Parce qu’à ce jour, très peu de raffineries ont investi dans ce type de fioul. Quoi qu’il en soit, c’est un “major event” qui va se produire sur le marché et cela va également impacter les autres produits pétroliers. Dans quelle mesure ? Personne ne peut encore prévoir. On peut toujours spéculer. Ce qui est sûr, c’est que la volatilité observée sur le marché international pour les produits pétroliers jusqu’à maintenant va perdurer dans les années à venir.

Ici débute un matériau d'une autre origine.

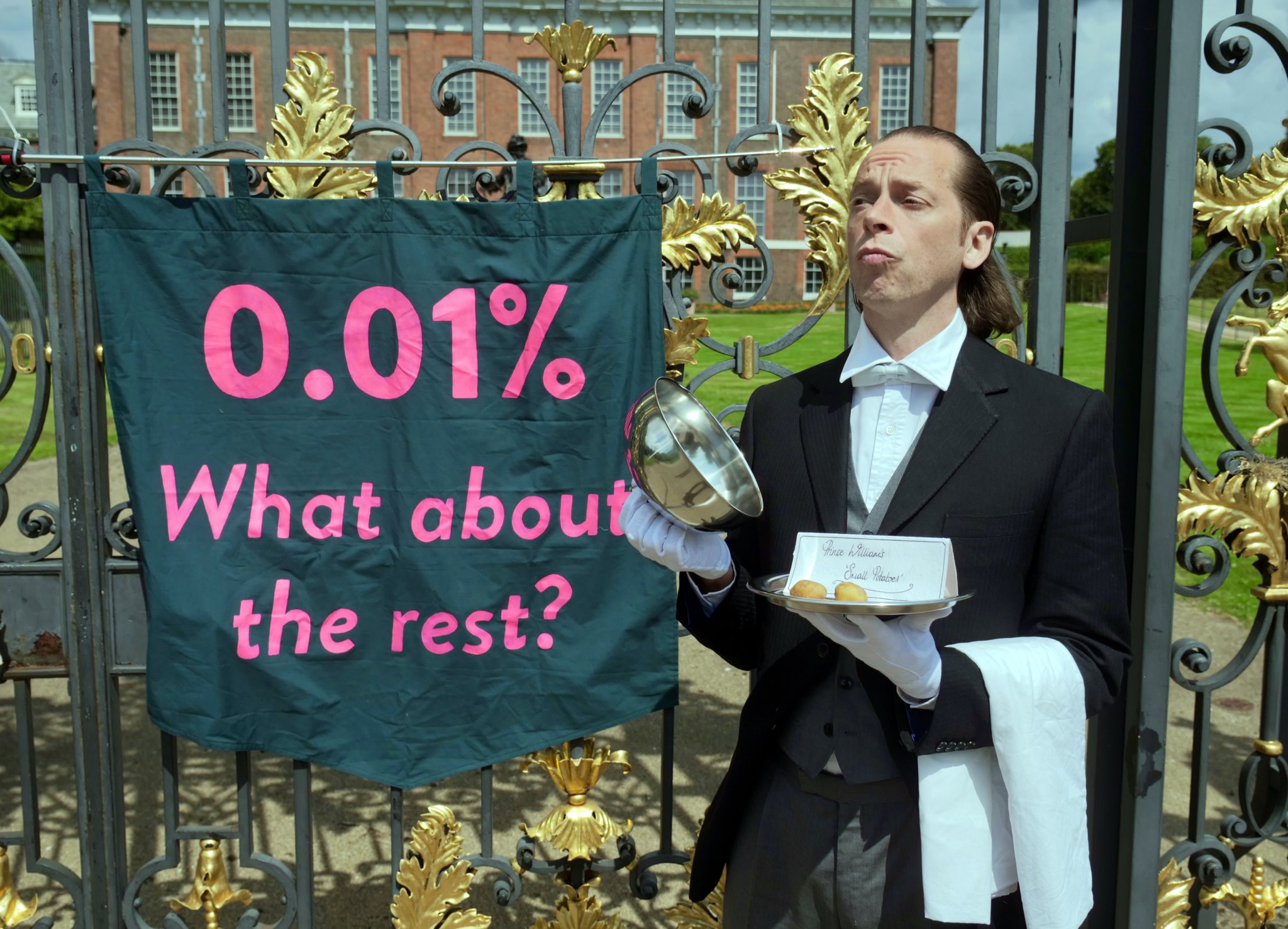 March to call on Prince William to restore lands to nature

Il ne faut pas voir cela comme un problème, mais plutôt comme une opportunité pour Maurice, d’autant que la vision du gouvernement c’est de développer le “bunkering”. Et le nouveau type de fioul avec 0,5% de soufre est un produit du “bunkering”. L’ambition du gouvernement est de transformer Maurice en un “petroleum port” et un “bunkering hub” tout en faisant des investissements dans la capacité de stockage des produits pétroliers dans le port et à Albion. Le soutage est déjà une activité en forte hausse, voyez les chiffres : de janvier à ce jour, le “bunker fuel” s’élevait déjà à 522 000 tonnes, par rapport à 456 000 tonnes métriques pour 2017.
Pour répondre à votre question concernant la décision de l’IMO, nous suivons la situation afin de mettre un maximum de chances de notre côté pour saisir les opportunités et assurer notre développement économique.

Un dernier mot sur les contrats de farine et de GPL ?

Pour ce qui est de la farine, d’ici la fin de l’année, le contrat sera alloué pour l’approvisionnement en 2019 de quelque 103 000 tonnes. S’agissant du gaz ménager, Petredec a eu le contrat cette année de 78 000 tonnes métriques pour la période d’octobre 2018 au 30 septembre 2019.